**Assignment**.
What is needed is an exact copy of every entry below, minus the images.

Top of Dataset records

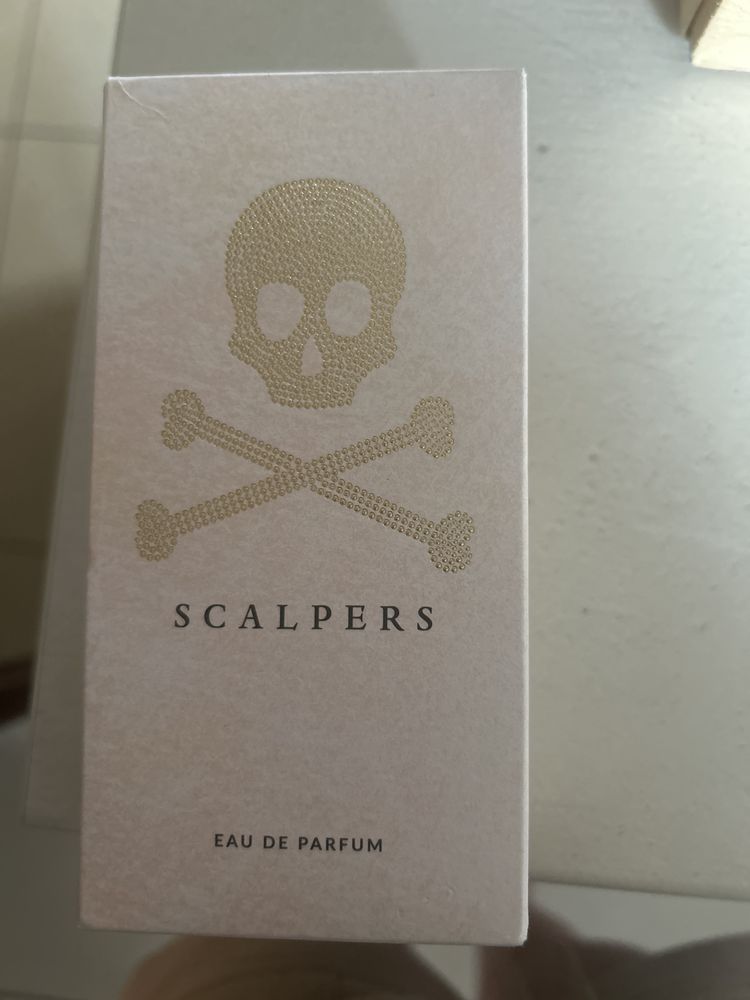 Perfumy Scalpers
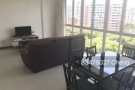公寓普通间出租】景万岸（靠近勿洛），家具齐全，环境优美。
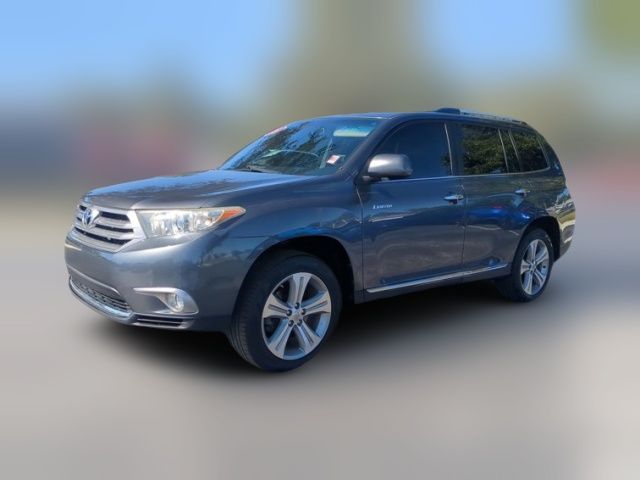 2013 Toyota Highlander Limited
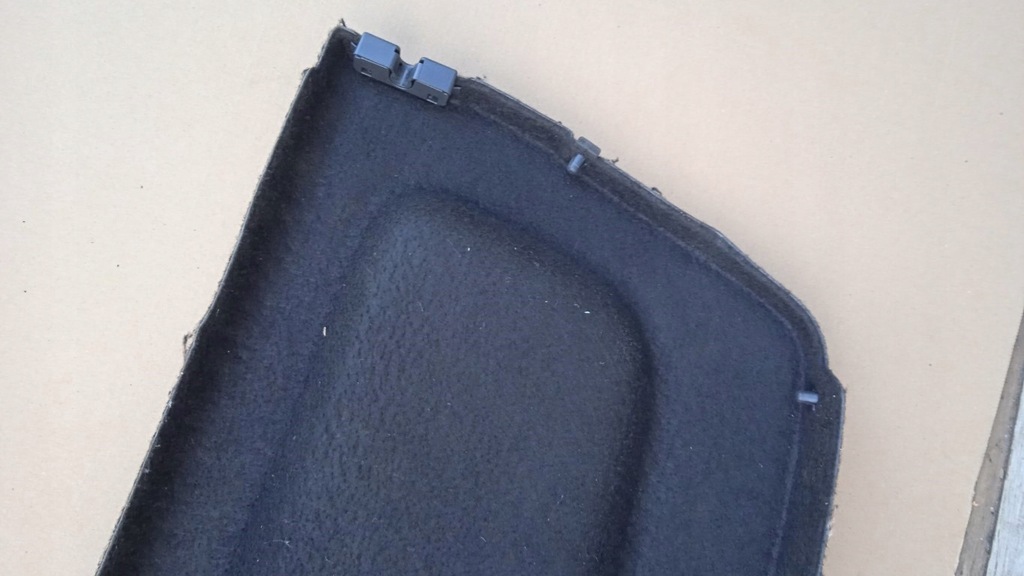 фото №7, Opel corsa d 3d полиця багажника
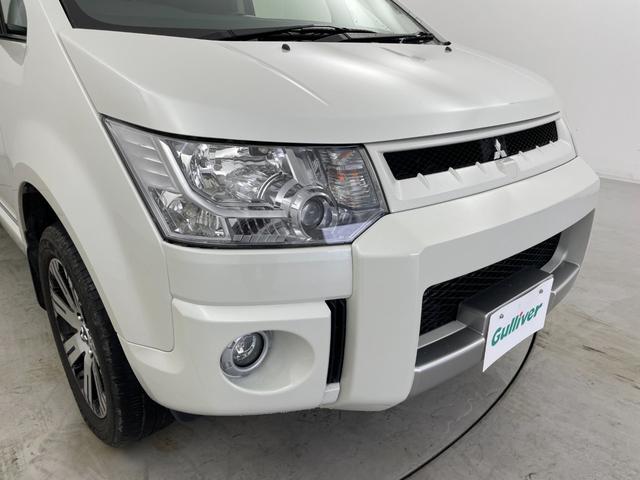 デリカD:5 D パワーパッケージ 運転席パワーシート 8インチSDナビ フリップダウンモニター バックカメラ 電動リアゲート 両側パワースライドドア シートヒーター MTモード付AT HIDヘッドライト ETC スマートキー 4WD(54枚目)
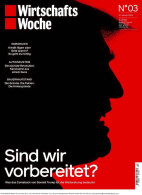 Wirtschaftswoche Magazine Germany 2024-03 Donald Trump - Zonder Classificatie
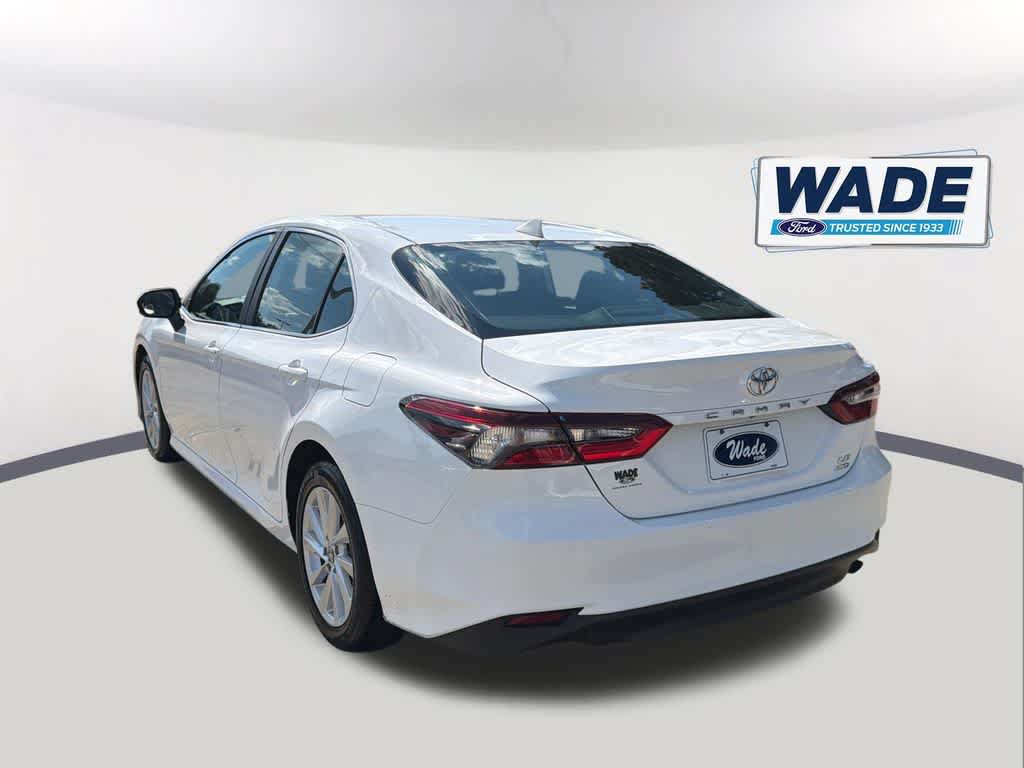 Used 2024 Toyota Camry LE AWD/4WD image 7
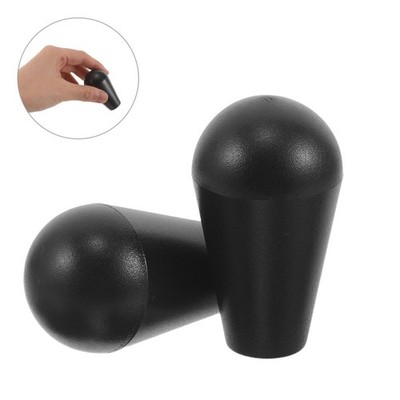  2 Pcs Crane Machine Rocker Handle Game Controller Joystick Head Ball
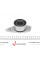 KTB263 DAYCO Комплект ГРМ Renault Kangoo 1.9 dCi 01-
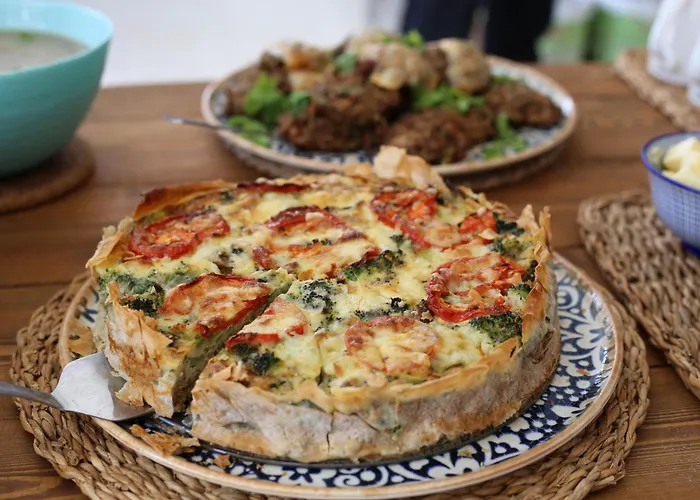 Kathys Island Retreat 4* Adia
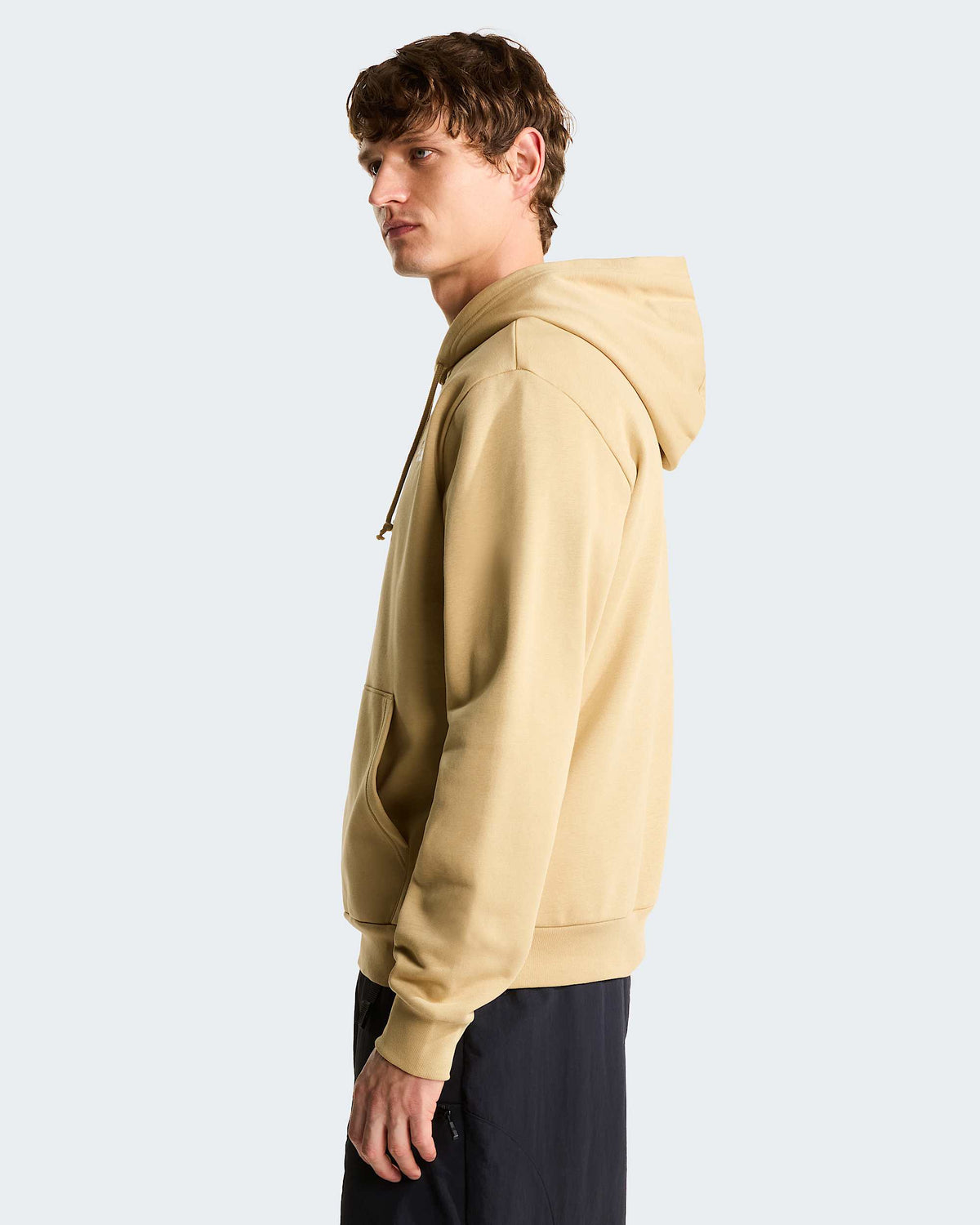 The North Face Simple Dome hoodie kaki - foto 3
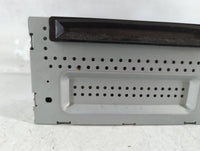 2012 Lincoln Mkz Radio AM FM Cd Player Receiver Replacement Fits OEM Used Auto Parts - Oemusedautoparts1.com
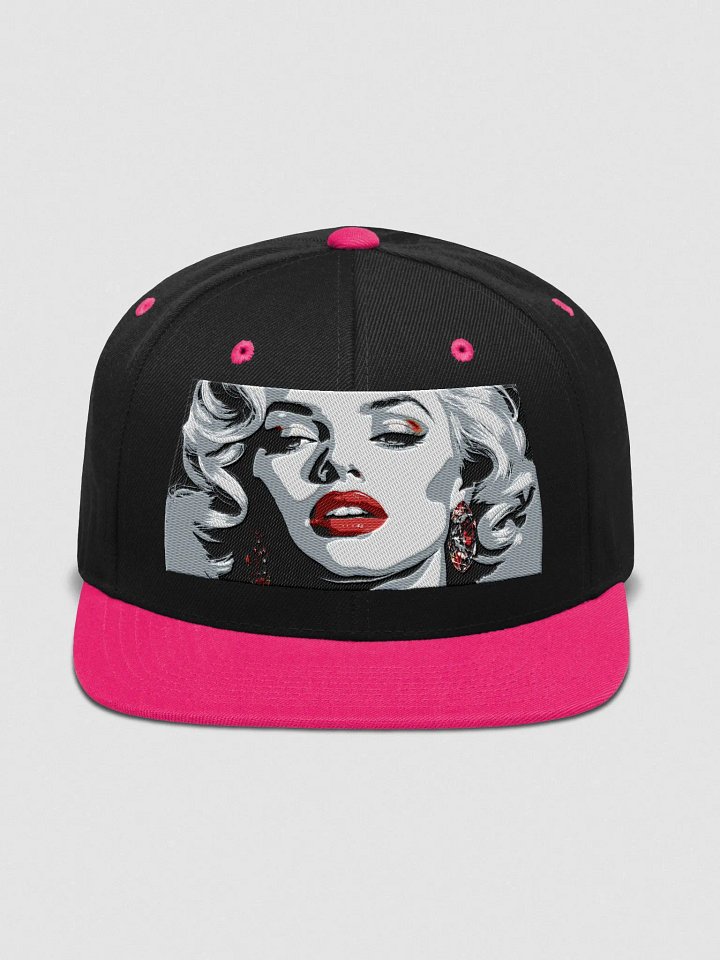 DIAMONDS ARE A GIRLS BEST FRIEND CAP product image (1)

Bottom of Dataset records

**Final answer**.
 Perfumy Scalpers
公寓普通间出租】景万岸（靠近勿洛），家具齐全，环境优美。
 2013 Toyota Highlander Limited
 фото №7, Opel corsa d 3d полиця багажника
 デリカD:5 D パワーパッケージ 運転席パワーシート 8インチSDナビ フリップダウンモニター バックカメラ 電動リアゲート 両側パワースライドドア シートヒーター MTモード付AT HIDヘッドライト ETC スマートキー 4WD(54枚目)
 Wirtschaftswoche Magazine Germany 2024-03 Donald Trump - Zonder Classificatie
 Used 2024 Toyota Camry LE AWD/4WD image 7
  2 Pcs Crane Machine Rocker Handle Game Controller Joystick Head Ball
 KTB263 DAYCO Комплект ГРМ Renault Kangoo 1.9 dCi 01-
 Kathys Island Retreat 4* Adia
 The North Face Simple Dome hoodie kaki - foto 3
 2012 Lincoln Mkz Radio AM FM Cd Player Receiver Replacement Fits OEM Used Auto Parts - Oemusedautoparts1.com
 DIAMONDS ARE A GIRLS BEST FRIEND CAP product image (1)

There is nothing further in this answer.